Task: A faithful copy of the data, pictures omitted, is the required answer.

Material provided:

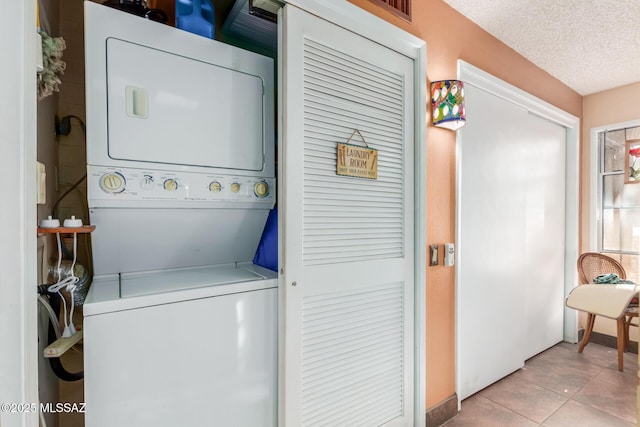 laundry area featuring laundry area, a textured ceiling, stacked washing maching and dryer, and tile patterned floors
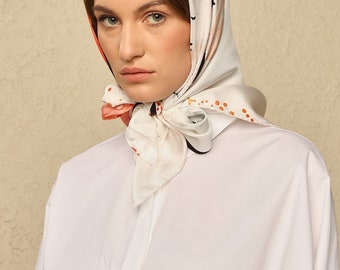 May include: A white silk scarf with a black and orange abstract print. The scarf is tied around the head of a person with brown hair.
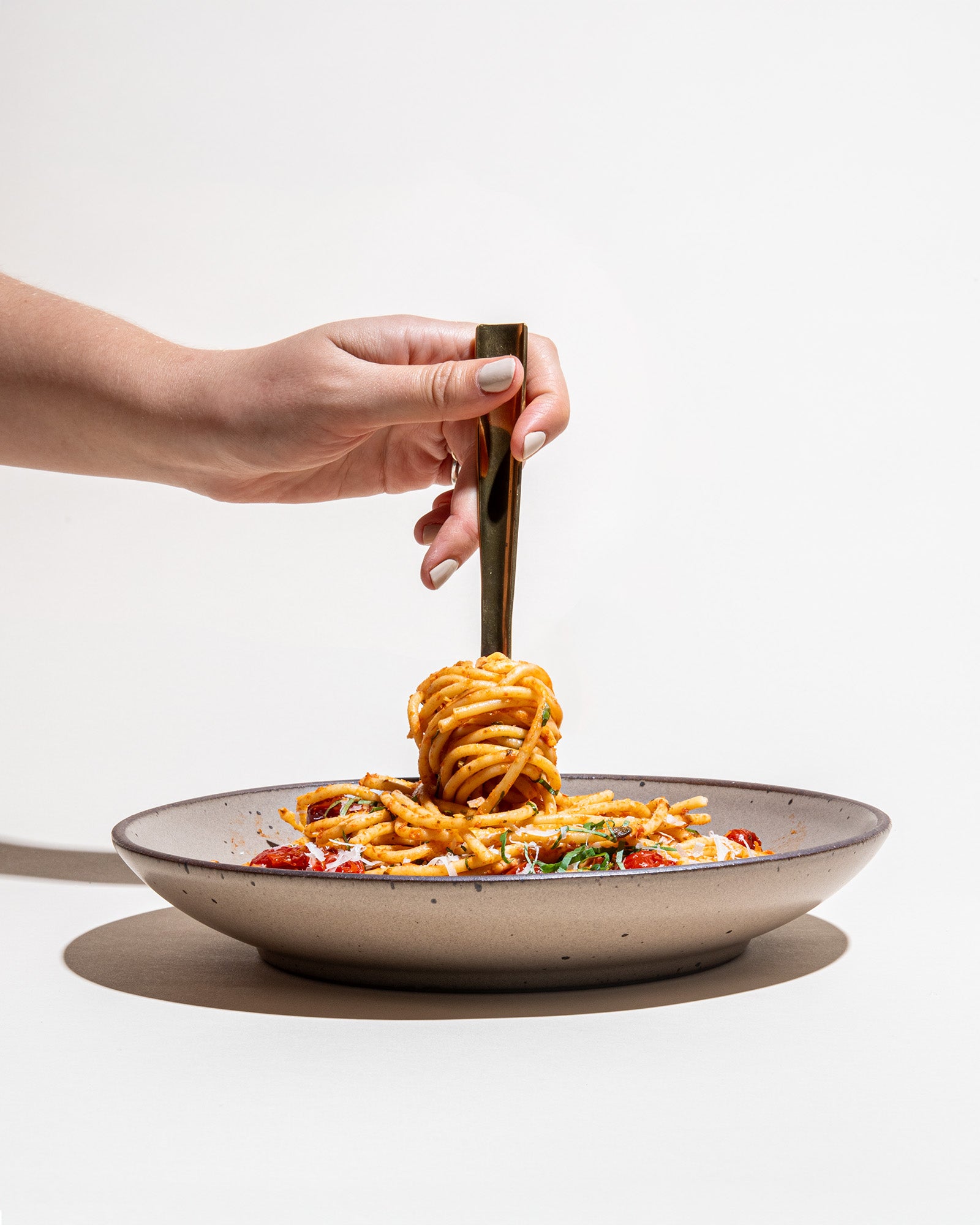 Person serving spaghetti from a coupe with a fork on a white background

Result of this task:
 laundry area featuring laundry area, a textured ceiling, stacked washing maching and dryer, and tile patterned floors
 May include: A white silk scarf with a black and orange abstract print. The scarf is tied around the head of a person with brown hair.
 Person serving spaghetti from a coupe with a fork on a white background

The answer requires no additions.